++++ DATA BLOCK ++++

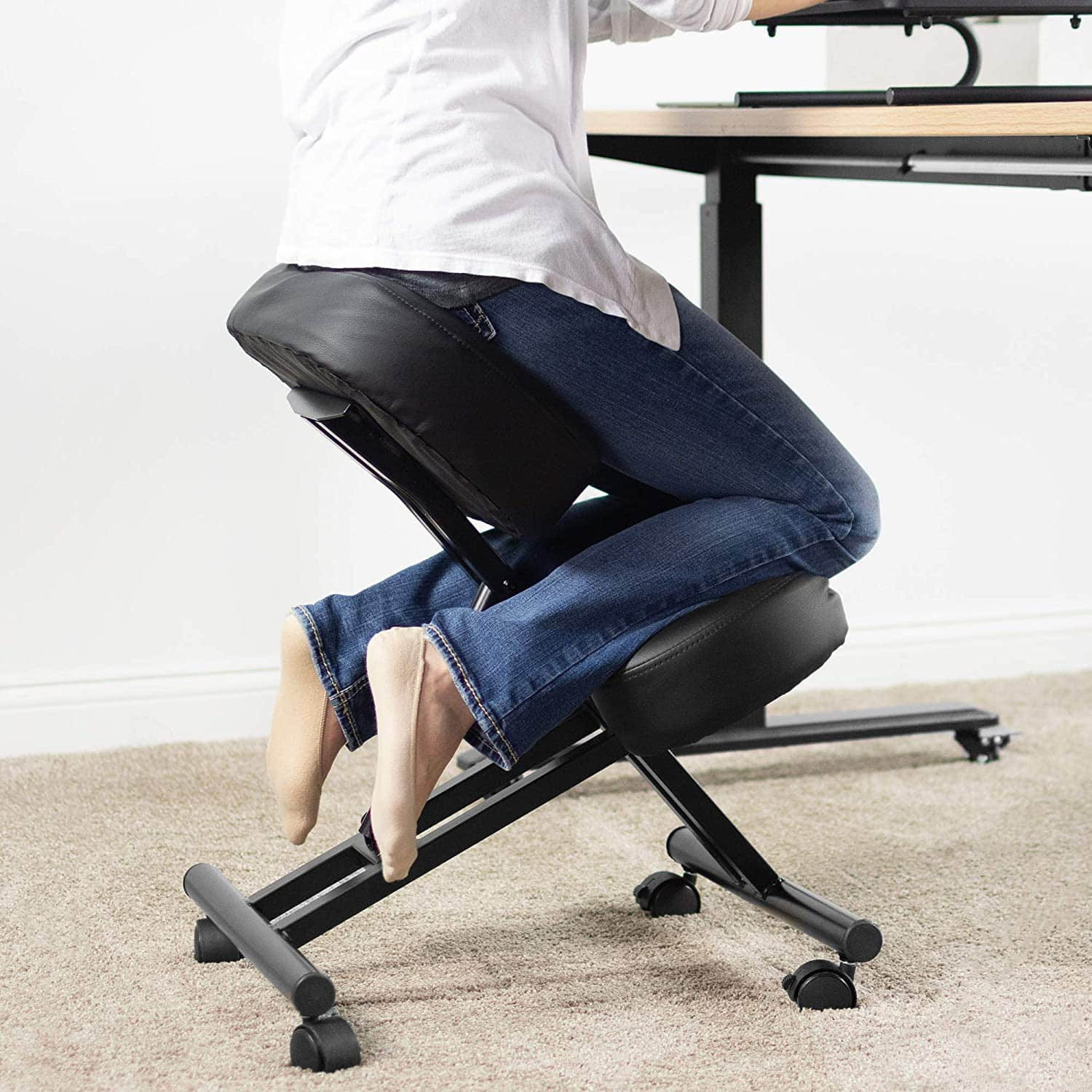 Expert insights on choosing the right kneeling chair for your workspace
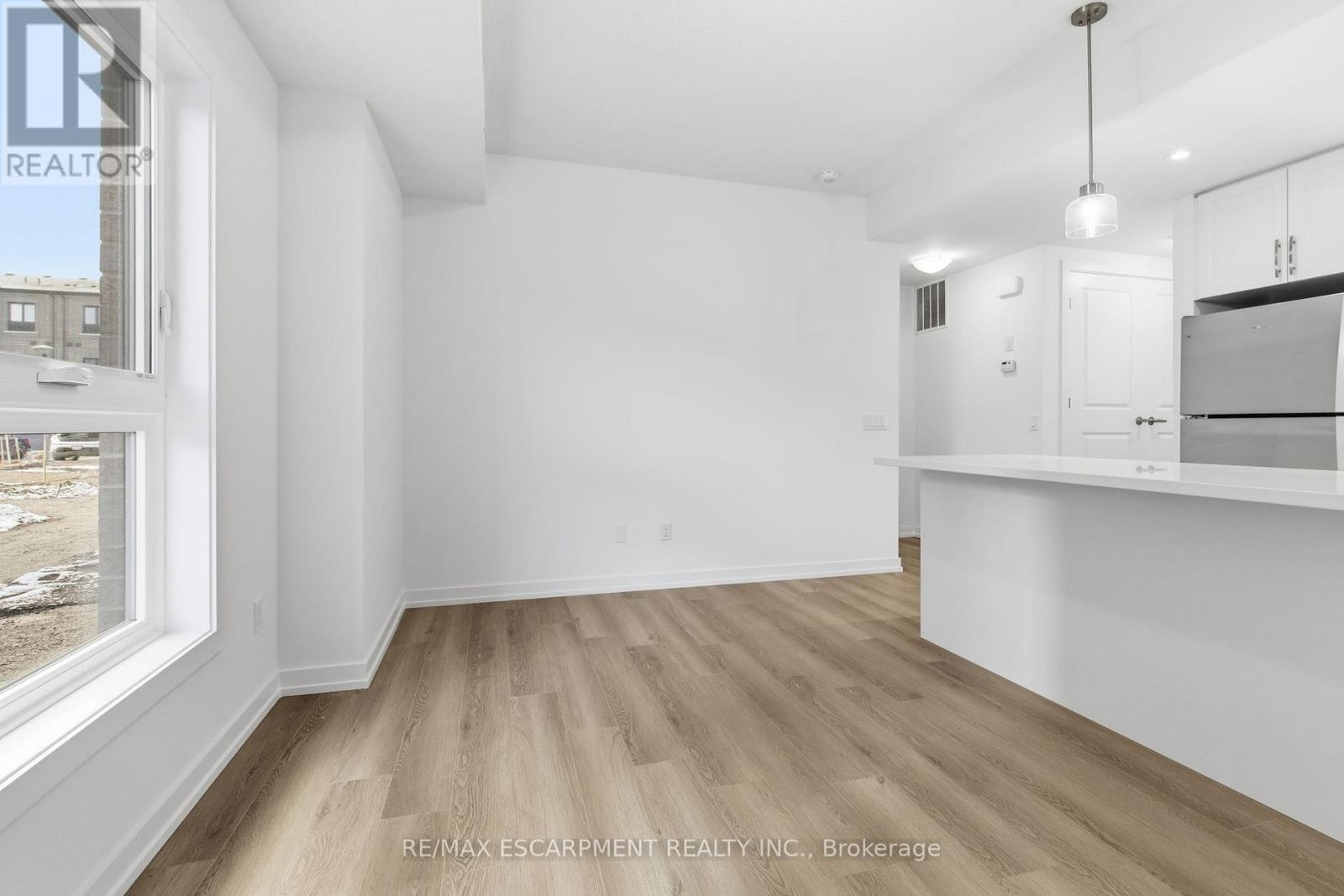 29 - 70 Kenesky Drive, Hamilton, Ontario  L8B 2A9 - Photo 7 - X12556238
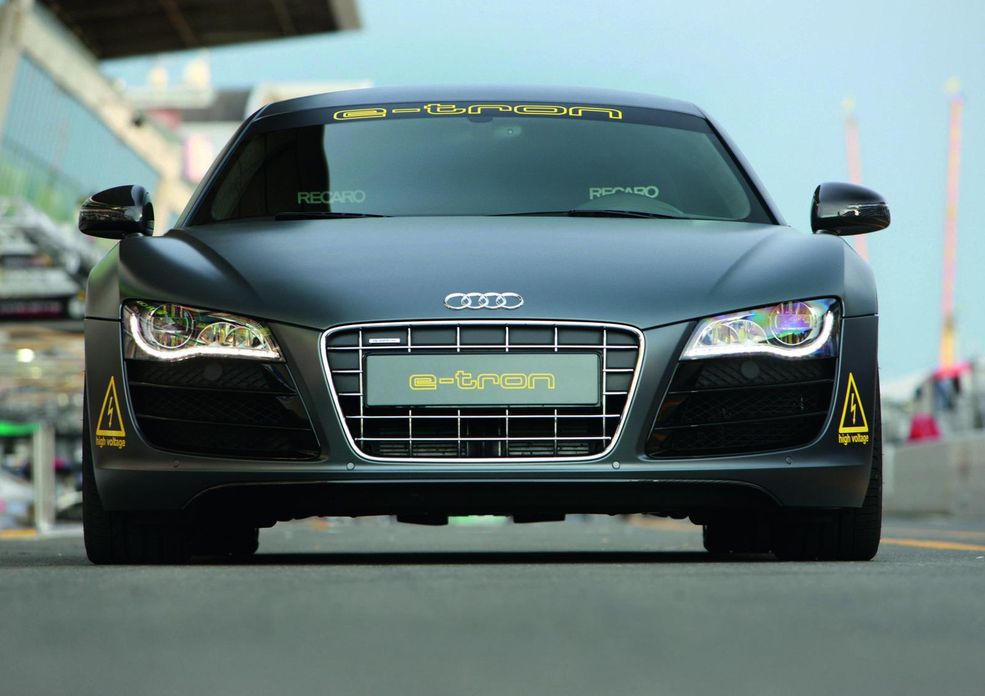 Audi R8 e-tron-26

++++

- **TASK**:
Give back the material word for word and drop the pictures it holds.

- **TASK SOLUTION**:
 Expert insights on choosing the right kneeling chair for your workspace
 29 - 70 Kenesky Drive, Hamilton, Ontario  L8B 2A9 - Photo 7 - X12556238
 Audi R8 e-tron-26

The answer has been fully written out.